SLD I PO - ZWIĄZEK Z PRZEKONAŃ I ROZSĄDKU?
Zawarcie porozumienia w Radzie Miasta pomiędzy Platformą Obywatelską a Sojuszem Lewicy Demokratycznej to nie tylko chłodna kalkulacja głosów potrzebnych do rządzenia w mieście. To również porozumienie dwóch bliskich w poznańskiej polityce ugrupowań, szczególnie po jesiennych wyborach samorządowych.
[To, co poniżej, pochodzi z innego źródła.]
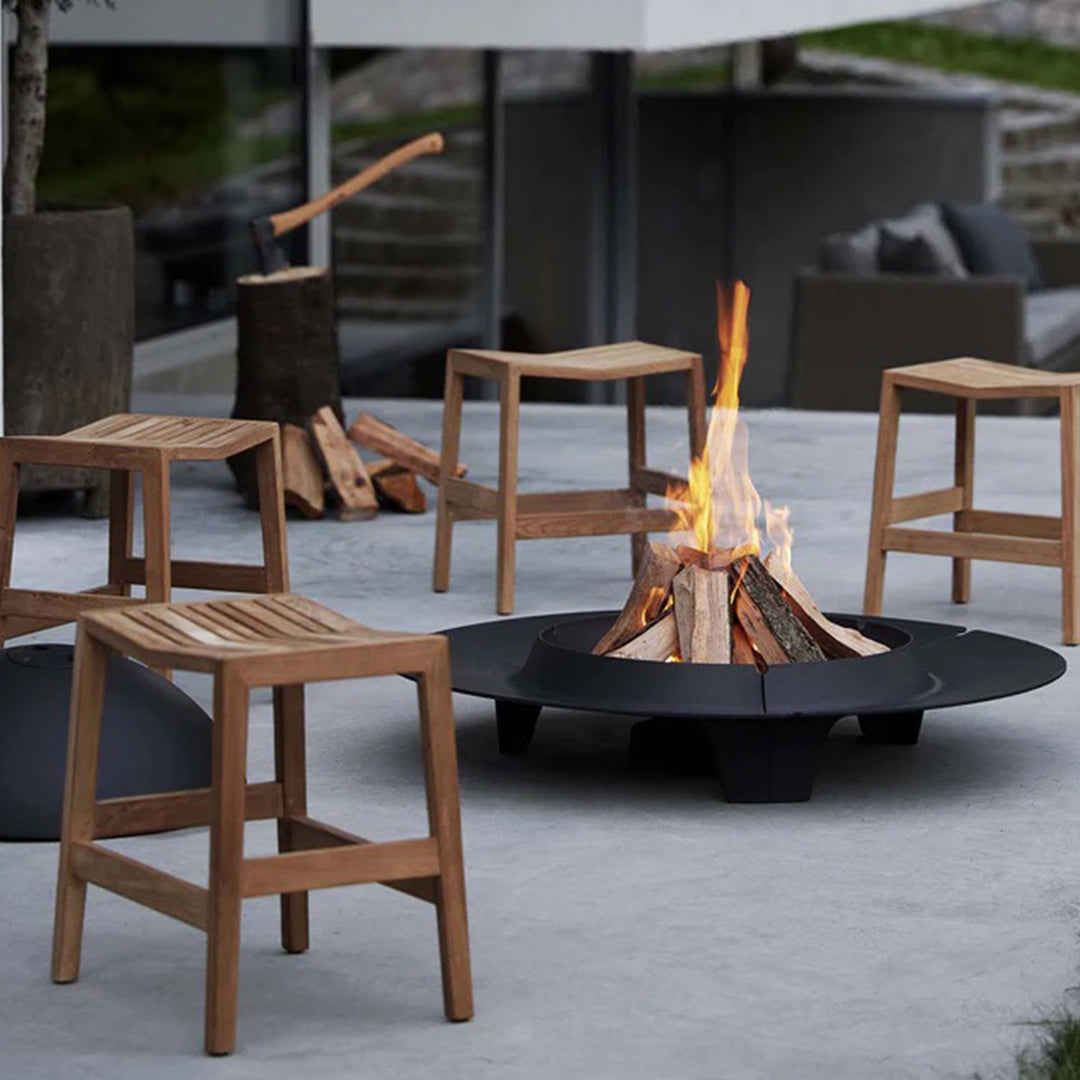 Portable Flip Outdoor Stool - Lightweight Folding Camping Chair for Picnics, Beach, Hiking, and Backyard Relaxation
Jeżeli mielibyśmy na przestrzeni ostatnich 7-8 miesięcy wymienić, jakie partie były Poznaniu opozycyjne do rządzącej PO, to niewątpliwie wskażemy na Prawo i Sprawiedliwość. Nie raz, przede wszystkim ustami przewodniczącego Szymona vel Sęka, partia punktowała poczynania zarówno klubu PO jak i prezydenta Jaśkowiaka. PiS po wyborach samorządowych w Poznaniu było widoczną i w większości razy konstruktywną opozycją. Tego samego nie można jednak powiedzieć o SLD.
Mam wrażenie, że musiało przede wszystkim minąć trochę czasu nim sojusz podniósł się z traumy po wyborach samorządowych. Ilość radnych pozostała wprawdzie ta sama, ale szansy na współrządzenie miastem po politycznych zawirowaniach końcowo nie było. Do tego doszły spadające ogólnopolskie sondaże, nieszczęśliwy kandydat na prezydenta i w efekcie SLD w Poznaniu traciło na znaczeniu. Zdecydowanie mniej widoczny był również lider.
Szef SLD, Tomasz Lewandowski, od początku mówiący, że za 4 lata będzie ponownie starał się o fotel prezydenta Poznania musiał zrobić coś, co pozwoli ponownie zaistnieć mu w świadomości mieszkańców stolicy Wielkopolski. A że przy okazji wyszło na jaw, że do stabilnego rządzenia miastem potrzeba pewnej większości w Radzie Miasta rozwiązanie nasuwało się samo.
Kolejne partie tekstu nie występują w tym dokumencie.